When I was a little girl, we played outside all summer long, sunup to sundown. I lived in a row house. Our households and our lives were literally connected. The street lights were our curfew. We played sprint, dodge-ball, and tag with mixed-age neighborhood kids. I learned how to whistle—more like a piercing screech—with both my fingers shoved in my mouth [this has served me well]. We rode our bikes to the community pool, accompanied only by a towel and a quarter for a pretzel from the vendor. And—at least once a week—the teenagers would crank the fire hydrants to full blast and we’d splash like bandits. The high-pressure water propelled us into the middle of the street. We’d get back in line for another chance, until the police squad car or fire truck would pull up and ruin our fun. Everyone scattered like hooligans, hiding under cars or running home…until next time. And though we ran and hid in fear, no one ever got in trouble. The patrol officers expected these calls on scorching summer days. Then at night the adult conversations and laughter from the connecting porches filtered through the open windows and into our homes.

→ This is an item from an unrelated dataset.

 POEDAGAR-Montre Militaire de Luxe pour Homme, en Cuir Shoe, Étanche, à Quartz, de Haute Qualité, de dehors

Independent, outside play was an important part of summer. We explored in all sorts of ways, without the overly cautious, watchful eyes of doting parents. We overcame boredom on our own, using our imaginations. We tested boundaries, got into trouble, and then learned how to find our way out of it. The freedom to play outside brought wisdom and well-earned lessons. We didn’t know it, but those long summer days were experience in social and practical skills, self-discipline and curiosity, and passion for exploring.

Nowadays, kids are too often micro-managed by grown-ups. Today’s adult-directed sports have replaced neighborhood “pickup” games. There are adult-directed camps and organizations for hobbies like Legos and arts and crafts. Today’s parents often forbid children from going out to play unsupervised and away from home because of their own fears. I get it. I often hover, too. It’s a great big, dangerous, world out there.

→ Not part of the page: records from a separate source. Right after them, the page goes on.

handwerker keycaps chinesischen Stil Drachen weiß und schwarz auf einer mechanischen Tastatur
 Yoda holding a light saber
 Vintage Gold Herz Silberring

At the risk of oversimplifying the consequences and in an attempt to start a conversation about this trend, the research cannot be ignored. Kids are turning inward. They’re communicating with each other electronically instead of face-to-face. They’re sitting inside being entertained by games on their hand-held devices or watching TV. Fewer hours are devoted to outdoor, self-governing play with peers.

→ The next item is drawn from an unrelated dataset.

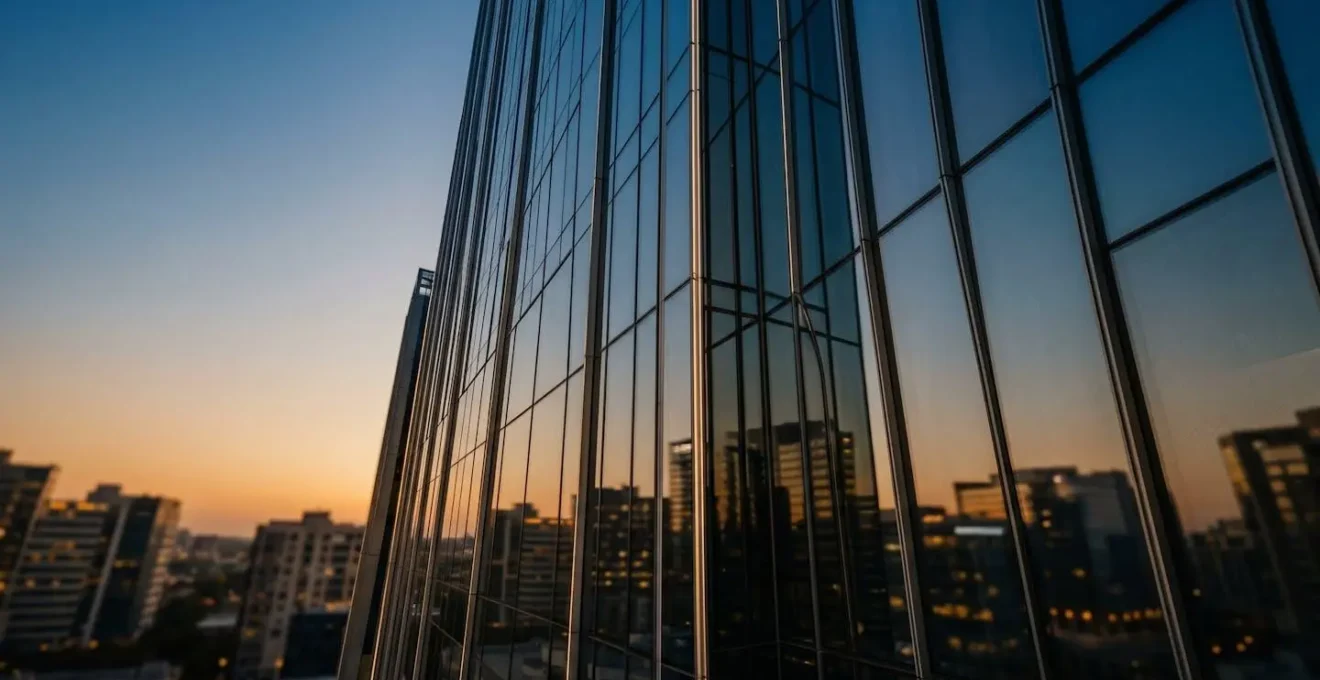 Modern glass luxury high-rise tower facade reflecting urban skyline with dramatic perspective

There is a variety of reasons for the decline in outside play, but the result—over time—is dramatic and unquestionable. By gradually reducing our kids’ chances to adventurously play, we are chipping away at opportunities for them to learn. Their creative juices are stifled. The chance for them to take initiative and find limitations is diminished. When they play outside, on their own, kids make rules and monitor who follows them, promoting self-regulation. The physical and social skills they develop will last a lifetime. Not to mention the memories they’ll build.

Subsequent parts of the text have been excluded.